In this way, the system may form the pump-signal combiner 402 to include the signal fiber 102 and the set of one or more pump fibers 406 in the unified bundle configuration 408 that are attached to the output fiber 416. Accordingly, pump light propagated by the set of one or more pump fibers 406 may combine with a signal beam propagated by the signal fiber 102 within the unified bundle configuration 408. This may increase a power (e.g., an optical power) and/or a brightness of the signal beam. The signal beam (e.g., after combining with the pump light) may then propagate to the output fiber 416 and emit from the pump-signal combiner 402. Because the thickness of the end of the fiber core 104 of the signal fiber 102 at the end of the unified bundle configuration 408 may match the thickness of the end of the fiber core 418, the power and/or the brightness of the signal beam may be preserved (or power loss and/or brightness degradation may be minimized) as the signal beam propagates to the output fiber 416.

FIGS. 4A-4C are provided as an example. Other examples may differ from what is described with regard to FIGS. 4A-4C.

FIGS. 5A-5C are diagrams of an example implementation 500 of a process for forming a pump-signal combiner 502 described herein. As shown in FIGS. 5A-5C (e.g., that show a longitudinal cross-section of the pump-signal combiner 502), the process may include one or more steps.

As shown in FIG. 5A, and by reference number 504, the process may include performing a bundling process to bundle a signal fiber 102 and a set of one or more pump fibers 506 in a bundle configuration 508 (e.g., that are similar to the set of one or more pump fibers 406 and the bundle configuration 408, described herein in relation to FIGS. 4A-4C).
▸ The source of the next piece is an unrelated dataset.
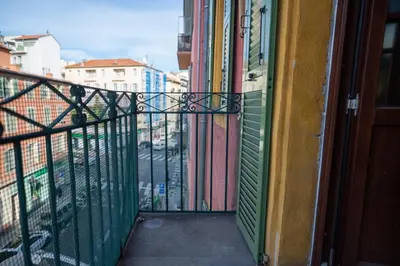 a balcony with a view of a city at GuestReady - Lovely Getaway in Nice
The signal fiber 102 may be a pre-processed signal fiber or an uptapered signal fiber, which may include the fiber cladding 106 with more than one thickness profile along the signal fiber 102 (e.g., as shown and described herein in relation to FIG. 1B), that may have been formed using a pre-processing or uptapering process (e.g., as described herein in relation to FIGS. 2A-2E and 3A-3E).
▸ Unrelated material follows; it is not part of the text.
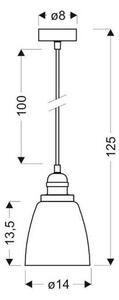 Lustr na lanku VOICE 1xE27/40W/230V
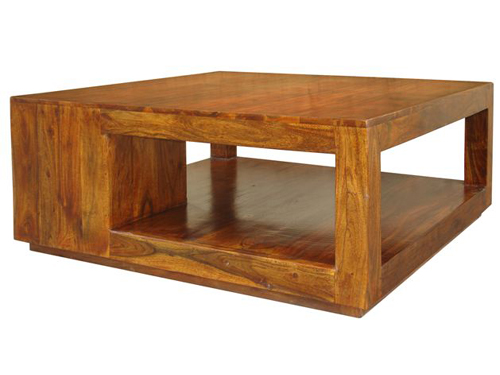 Masivní konferenční stolek 110x110x45cm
In some implementations, the bundling process may include a system (e.g., that is configured to form a pump-signal combiner) arranging the signal fiber 102 and the set of one or more pump fibers 506 in the bundle configuration 508, such that the signal fiber 102 and the set of one or more pump fibers 506 are packed closely together (e.g., such that sizes of gaps between the signal fiber 102 and the set of one or more pump fibers 506 are minimized). For example, within a cross-section of the bundle configuration 508, the signal fiber 102 may be disposed in an inner area (e.g., of the cross-section of the bundle configuration 508) and the set of one or more pump fibers 506 may be disposed in association with a perimeter region (e.g., of the cross-section of the bundle configuration 508) such that the set of one or more pump fibers 506 touch and circumferentially surround the signal fiber 102.
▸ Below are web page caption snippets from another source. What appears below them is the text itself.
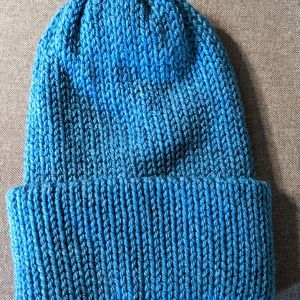 Handmade knitted beanie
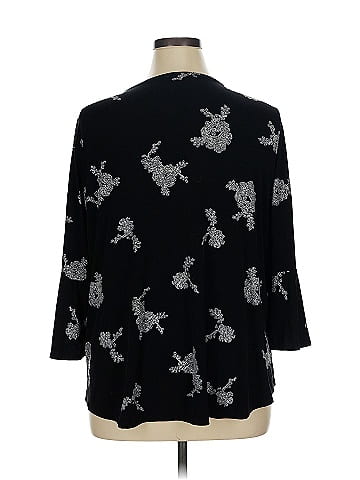 Carmen Carmen Marc Valvo 3/4 Sleeve Blouse (view 2)
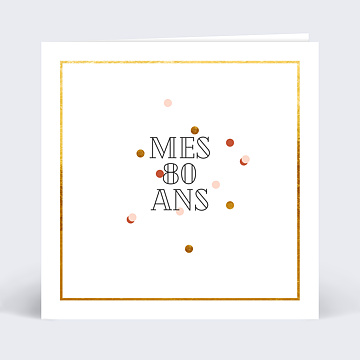 Invitation Anniversaire Adulte Jolies Dorures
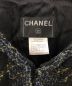 中古・古着 CHANEL (シャネル) ノーカラーツイードジャケット ブラック サイズ:40：90000円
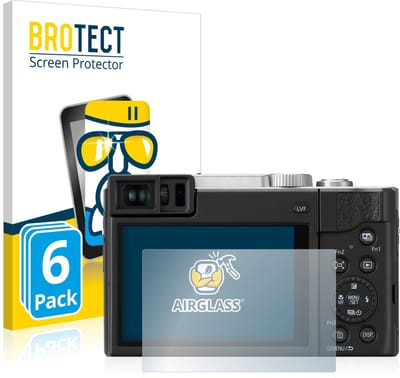 Screenprotector 6 Stuks voor Panasonic Lumix DC-TZ95 Beschermglas transparant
As shown in FIG. 5B and by reference number 510, the process may include performing a bundle unification process to cause the bundle configuration 508 to form a unified bundle configuration. For example, the bundle unification process may include applying heat and a tensile force to a portion 512 of the bundle configuration 508. For example, the system may hold the bundle configuration 508 at a first end of the portion 512 and/or a second end of the portion 512, and may cause the first end and the second end to move away from each other (e.g., move outwardly, along a longitudinal axis of the bundle configuration 508). This may cause a tensile force to be applied to the portion 512 of the bundle configuration 508. At a same time (e.g., while the tensile force is applied to the portion 512 of the bundle configuration 508), heat may be applied (e.g., using a scanning flame, or another heat source) to apply heat to the portion 512 of the bundle configuration 508. As a result of the applied heat, the signal fiber 102 and the set of one or more pump fibers 506 may soften (e.g., along the portion 512 of the bundle configuration 508), and, as a result of the tensile force, the signal fiber 102 and the set of one or more pump fibers 506 may fuse together (e.g., partially fuse or completely fuse together along the portion 512 of the bundle configuration 508), such as shown in FIG. 3B. Further, the fiber core 104 of the signal fiber 102 may be caused to have a uniform thickness profile (e.g., along the portion 512 of the bundle configuration 508). That is, the signal fiber 102 may no longer be a pre-processed signal fiber or an uptapered signal fiber.

Because a fiber cladding 106 of the signal fiber 102, prior to performance of the bundle unification process, may have had more than one thickness profile along the signal fiber 102, a different amount of heat and/or tensile force may need to be used to fuse together the signal fiber 102 and the set of one or more pump fibers 506. This may result in an improved fusion of the signal fiber 102 and the set of one or more pump fibers 506, and/or may conserve resources (e.g., heating resources and/or force application resources) that would otherwise be utilized to perform a bundle unification process with a signal fiber 102 that has a fiber cladding 106 with only a single thickness profile along the signal fiber 102 (e.g., as described herein in relation to FIG. 4B and reference number 410).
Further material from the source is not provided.